We’re now wrestling with the best way to manage our “bad” data. Sometimes sensors are noisy. Sometimes a step in a maintenance procedure is missed and wonky measurements end up in the database. There’s any number of scenarios that can cause known bad data to be stored.
Our analytics and visualizations can be directly impacted by this. In a previous manual, non-Influx-based workflow we’d identify ranges of bad data from logs (i.e. X action raised temperature in zone Y outside its normal parameters over time span Z) or by simple inspection & investigation (“That doesn’t look right. Hey, Bob…”). That bad data would be culled before processing it.
What’s a good strategy and tooling setup to deal with data in a similar way in Influx? Quite honestly we’d like to keep the bad data so we can use it to see patterns and better our procedures.

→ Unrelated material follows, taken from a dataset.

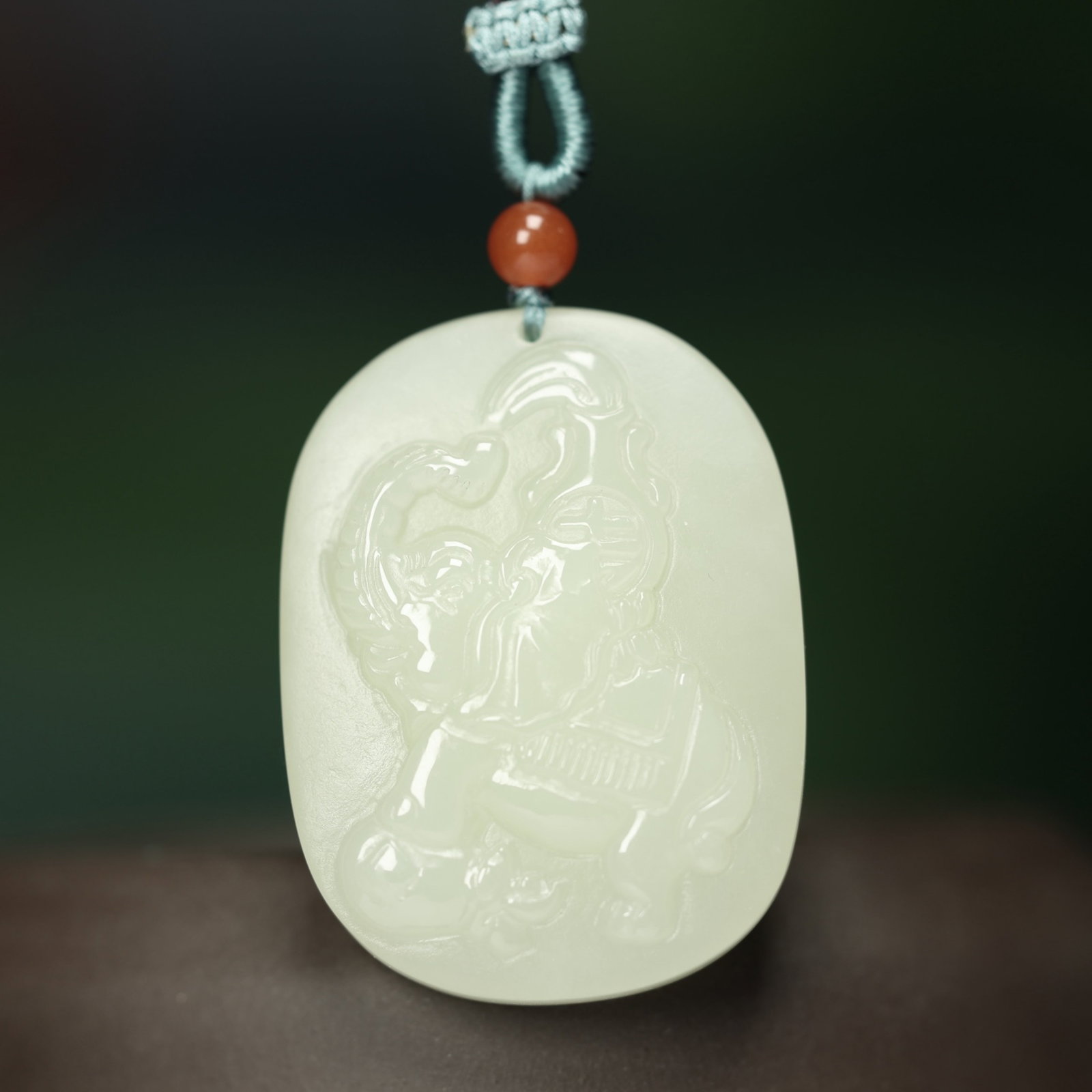 An Exquisite White Jade Elephant Pattern Pendant - 3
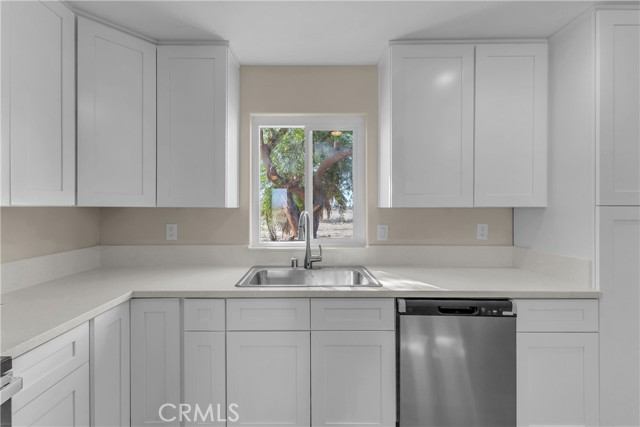 Image 9 of 39 For 1341 Beach Club Drive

We think a workable solution is to manually tag measurements with a category as to its validity: good or bad (and what kind of badness). Queries can then filter for either appropriately. Of course, the question is how to construct a setup that easily and safely allows us to tag bad data and later edit those tags if necessary. Manually filtering out bad data at the visualization step is not practical in our usage.
Is what we’re thinking reasonable, or is there a better way? Any thoughts on best practices and how to implement those practices with specific tools for Influx are much appreciated.